Perhaps I am about to shed the shell – like a cicada on a window screen.  I’m going to wriggle out of the old skin and let the bigger me dry in the sun.   Finite space will become something else as the new me expands at least a little.  
 
Does all this movement require a change of address?  Should I pack?  Might it be more important to stow pertinent memories for a point of reference?  Memories can be a guidepost that keep me steady in the dark.  It is possible that I move to New York or Tibet to become a rock star or a monk.  I will probably move from the kitchen to the couch.
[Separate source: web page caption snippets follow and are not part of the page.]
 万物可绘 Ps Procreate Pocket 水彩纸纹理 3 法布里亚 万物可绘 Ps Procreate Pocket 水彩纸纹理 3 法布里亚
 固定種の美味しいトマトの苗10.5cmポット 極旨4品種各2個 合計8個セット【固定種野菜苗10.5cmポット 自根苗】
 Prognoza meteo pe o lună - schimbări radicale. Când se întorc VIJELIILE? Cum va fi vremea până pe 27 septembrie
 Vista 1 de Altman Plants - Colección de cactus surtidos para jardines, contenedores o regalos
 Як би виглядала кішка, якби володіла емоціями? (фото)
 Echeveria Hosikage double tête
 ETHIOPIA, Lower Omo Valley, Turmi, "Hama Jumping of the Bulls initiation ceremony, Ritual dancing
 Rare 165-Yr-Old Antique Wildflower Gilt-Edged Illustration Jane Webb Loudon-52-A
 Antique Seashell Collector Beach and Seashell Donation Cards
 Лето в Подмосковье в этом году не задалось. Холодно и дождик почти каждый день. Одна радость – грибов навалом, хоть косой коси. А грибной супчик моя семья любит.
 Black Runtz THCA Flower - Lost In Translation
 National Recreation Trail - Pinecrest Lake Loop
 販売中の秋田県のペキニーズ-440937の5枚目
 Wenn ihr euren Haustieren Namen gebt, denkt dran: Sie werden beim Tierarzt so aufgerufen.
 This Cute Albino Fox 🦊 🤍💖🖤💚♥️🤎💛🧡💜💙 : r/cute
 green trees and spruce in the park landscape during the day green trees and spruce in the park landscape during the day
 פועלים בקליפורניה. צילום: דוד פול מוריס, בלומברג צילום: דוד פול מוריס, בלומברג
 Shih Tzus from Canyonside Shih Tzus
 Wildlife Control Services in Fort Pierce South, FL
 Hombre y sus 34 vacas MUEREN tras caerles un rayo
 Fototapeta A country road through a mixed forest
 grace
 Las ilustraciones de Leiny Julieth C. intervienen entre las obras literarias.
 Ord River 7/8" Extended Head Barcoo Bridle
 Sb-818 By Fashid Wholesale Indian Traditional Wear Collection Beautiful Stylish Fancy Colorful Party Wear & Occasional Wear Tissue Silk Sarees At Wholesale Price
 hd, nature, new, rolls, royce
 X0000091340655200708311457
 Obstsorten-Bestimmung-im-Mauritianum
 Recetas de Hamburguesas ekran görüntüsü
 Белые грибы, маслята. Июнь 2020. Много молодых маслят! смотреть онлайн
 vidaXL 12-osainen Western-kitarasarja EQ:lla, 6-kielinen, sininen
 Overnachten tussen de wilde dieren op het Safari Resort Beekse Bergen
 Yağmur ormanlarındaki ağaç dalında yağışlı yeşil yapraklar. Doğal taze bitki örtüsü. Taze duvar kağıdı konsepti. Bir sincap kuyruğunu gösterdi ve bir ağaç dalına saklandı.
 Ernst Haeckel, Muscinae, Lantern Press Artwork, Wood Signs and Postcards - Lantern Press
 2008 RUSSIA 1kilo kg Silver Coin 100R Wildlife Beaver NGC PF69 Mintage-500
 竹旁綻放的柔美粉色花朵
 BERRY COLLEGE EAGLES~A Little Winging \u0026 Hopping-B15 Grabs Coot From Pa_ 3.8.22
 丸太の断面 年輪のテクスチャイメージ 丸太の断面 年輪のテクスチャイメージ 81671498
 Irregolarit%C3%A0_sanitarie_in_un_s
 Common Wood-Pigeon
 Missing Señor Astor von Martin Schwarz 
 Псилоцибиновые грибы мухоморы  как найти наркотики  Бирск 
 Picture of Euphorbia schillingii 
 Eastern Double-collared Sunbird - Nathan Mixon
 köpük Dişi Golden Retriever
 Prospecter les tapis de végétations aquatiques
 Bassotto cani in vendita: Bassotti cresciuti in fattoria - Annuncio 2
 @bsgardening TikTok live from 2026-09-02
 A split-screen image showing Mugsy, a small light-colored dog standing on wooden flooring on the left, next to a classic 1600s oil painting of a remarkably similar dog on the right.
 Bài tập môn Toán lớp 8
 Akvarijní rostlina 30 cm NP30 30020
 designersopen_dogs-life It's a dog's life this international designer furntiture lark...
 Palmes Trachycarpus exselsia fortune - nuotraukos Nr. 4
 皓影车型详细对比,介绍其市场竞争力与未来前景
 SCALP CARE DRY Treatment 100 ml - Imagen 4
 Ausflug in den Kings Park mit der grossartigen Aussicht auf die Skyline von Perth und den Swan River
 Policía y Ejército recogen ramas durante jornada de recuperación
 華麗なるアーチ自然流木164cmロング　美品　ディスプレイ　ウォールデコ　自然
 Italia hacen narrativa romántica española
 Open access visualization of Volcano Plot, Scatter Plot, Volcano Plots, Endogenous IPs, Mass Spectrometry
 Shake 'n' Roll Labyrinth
Maybe living is like a tray of ice cubes.  We fill one ice cube space with who we are in this life and then move to the next.  A subsequent life comes and we fill an adjacent ice cube space then another one, etc.  Each cube has a different understanding and different lessons.  No cube is aware of any of the other cubes in the tray.  What happens when the entire ice tray is filled with my little cubes of consciousness?  Who maintains and operates the freezer that keeps my cubes cold and solid?

Perhaps the step after filling the ice tray is to allow the ice to melt and spill on the floor.  All that knowledge and all the different awarenesses come together into a sloppy puddle.  For sure my dog will be there to slurp up the wetness.  He's very fond of water.  That would be a fitting end to my lessons; in the belly of a canine.  Eventually I will get peed out on a curb somewhere.  Yeah that's what we become - a smelly part of a walkway system somewhere along a road.

The adventure continues.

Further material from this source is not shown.